Rey! 3am and we were still discussing Charan’s amazing hair, his dedication to bringing the cape back and the total masala fun of Rachcha.  Another adventure without subtitles, we saw it with an appreciative audience notable for the number of women attending. Usually we hear a high pitched squeal of fandom and look around to see a dude in a suit. But Charan seems to bring the ladies out, and we can see why. There’s plenty of action, excellent choreography and at least for Charan, some superb costumes. Charan channels Chiru in his own inimitable style and with a nod to the camera that says he knows what we’re thinking, while Tamanna holds her own in both the dancing and drama stakes.

The film starts with the opening banner of Mega Supergood Films and, since any reference at all to the word ‘mega’ had the audience screaming, ensured that we were deafened right away. After a flashback involving young Raj, a significant necklace and the extremely dramatic death of his parents, we learn that present day Raj (Ram Charan) is being brought up by comedy stalwart M.S. Narayana and his wife (Sudha). ‘Betting’ Raj spends his days, well, betting and when his adopted father needs a liver transplant it’s the ‘logical’ way for him to raise money. He accepts a wager with James (Ajmal Ameer) to make the daughter of a rich businessman fall in love with him. Raj and James have a history involving a train, 2 cars and a game of chicken, so Raj is not without some reservations, but his situation is desperate.

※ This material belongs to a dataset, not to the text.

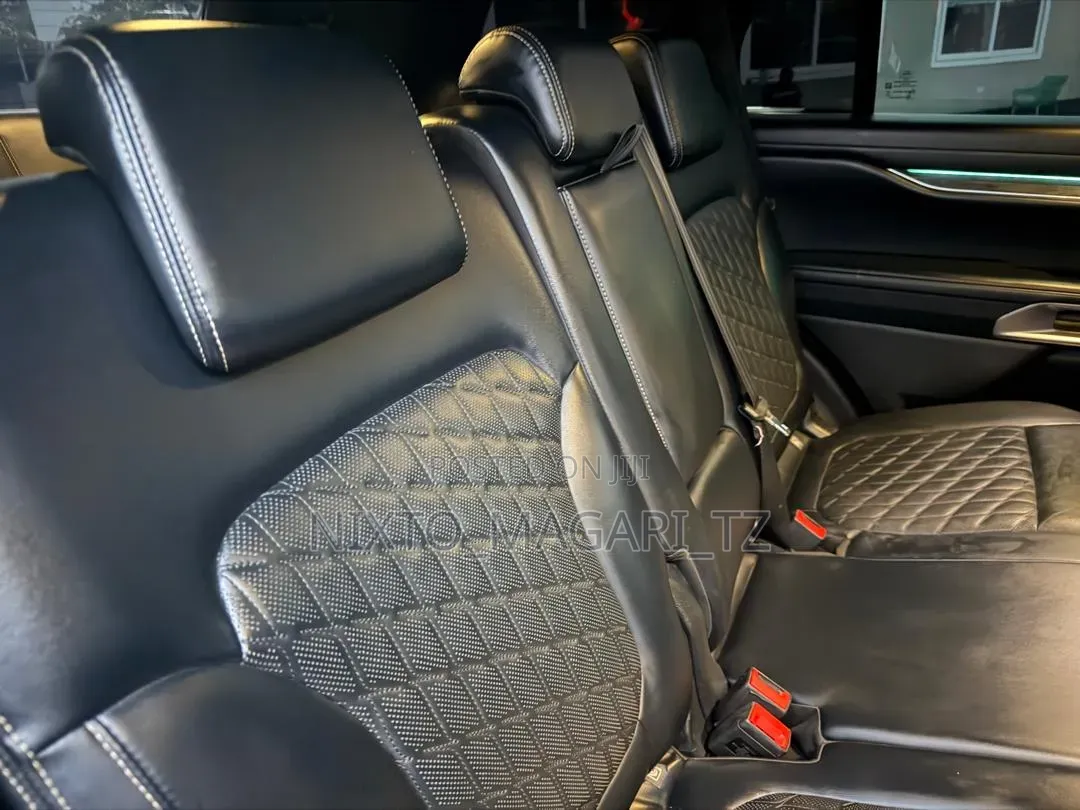 Ford Everest 2025 Gray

Chaitra (Tamanna) is that rich girl. Chaitra never seems to go anywhere without her escort of 2 motorbike outriders, 4 SUVs and various bodyguards, so it’s a real challenge for Raj to approach her at all. Luckily he has accomplices (a flock of comedy uncles) so Raj is able to attend to the serious business of flirtation. In one of the many fun tributes to Chiranjeevi sprinkled through the film Raj infiltrates her medical college to the strains of Shankar Dada MBBS and all the collar popping and swagger that goes with it. Naturally it doesn’t take long for Chaitra to appreciate the well styled hair and many charms of Raj. Or does she? Tamanna is a very capable actress, and she does get a bit more to do in Rachcha than we expected. Unfortunately she does get a few scenes where she seems more like an escaped mental patient as she marvels at waterfalls, flowers, a fence painted yellow etc.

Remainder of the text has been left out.